The news broke thanks to Marcos Breton of The Sacramento Bee on Wednesday night that Sacramento Republic had secured the financial backing of the NBA’s Sacramento Kings. This investment not only shows that the City of Sacramento is a united front when it comes to its professional sports landscape, but that the Republic is one step closer to their oft-stated goal of becoming an MLS expansion team.
While this is a cause for celebration for Sac Republic’s supporters, it may be setting off alarms in the minds of other supporters around the league, especially after the departure of Orlando City as they begin their first season as an MLS club. Yes, this could be one of the final keys to the loss of the team that paced the league in attendance last season, but as discussed last week, the league has never been stronger.
No longer will the departure of a team threaten the stability of the league. Unlike the promotions of Seattle, Portland and Vancouver, USL Pro has finally established a stability that is unprecedented in its history thanks in no small part to the agreement with MLS in 2013.
While the imminent departure of Portland did not necessarily create the chaos that was the lower divisions of US soccer in 2010, it certainly did not help what occurred. A highly controversial sell by Nike to NuRock Soccer Holdings instead of the USL Team Owners Association, as well as the movement of Seattle and Portland to MLS, led some owners to voice their concerns about the leadership and state of the league.

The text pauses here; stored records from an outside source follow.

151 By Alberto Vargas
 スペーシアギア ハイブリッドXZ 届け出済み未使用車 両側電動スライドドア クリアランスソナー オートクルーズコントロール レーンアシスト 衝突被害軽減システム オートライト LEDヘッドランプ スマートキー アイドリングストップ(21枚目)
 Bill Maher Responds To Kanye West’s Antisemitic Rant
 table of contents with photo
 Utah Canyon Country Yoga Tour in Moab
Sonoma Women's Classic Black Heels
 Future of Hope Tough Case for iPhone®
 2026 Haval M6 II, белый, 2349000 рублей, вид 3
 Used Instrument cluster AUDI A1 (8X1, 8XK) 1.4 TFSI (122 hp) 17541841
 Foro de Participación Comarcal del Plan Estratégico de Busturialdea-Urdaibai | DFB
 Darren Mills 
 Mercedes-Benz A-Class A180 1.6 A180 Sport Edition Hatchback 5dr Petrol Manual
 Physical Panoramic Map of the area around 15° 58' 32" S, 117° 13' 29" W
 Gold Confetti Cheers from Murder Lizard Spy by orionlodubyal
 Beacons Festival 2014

As a result, several teams that had previously competed in the old USL-1, the Rochester Rhinos and FC Tampa Bay among them, had elected to move to the NASL but were found to be under contract to play in the USL First Division in 2010. This created an issue for the NASL as they didn’t have enough teams to compete and so the US Soccer Federation created the USSF Second Division to serve as a one year solution. Portland moved up a year later, the NASL was formed and USL Pro was formed with 12 teams, though FC New York dissolved at the end of the season.
The threat of dissolution of USL Pro was a real threat in 2010, barely five years ago, but that is no longer the case. Now the league even markets itself as a stepping stone to MLS, not only for individual players, but also for entire organizations. Teams can move up or down within the American soccer pyramid without it truly damaging the vitality of the league.
Will teams such as Dayton Dutch Lions and the Charlotte Eagles be missed as a result of moving down to the USL PDL? Absolutely. Charlotte in particular had been a long-standing member of the professional level of the USL. Do those teams have a long-term affect on the longevity of the league? Not as much as they would have had this been even three years ago before the start of MLS and USL’s joint venture to develop the pyramid.
In short, congratulations to Sacramento on securing yet another solid financial backer. Hopefully the MLS powers that be notice all the hard work you’ve done. You truly are built for MLS.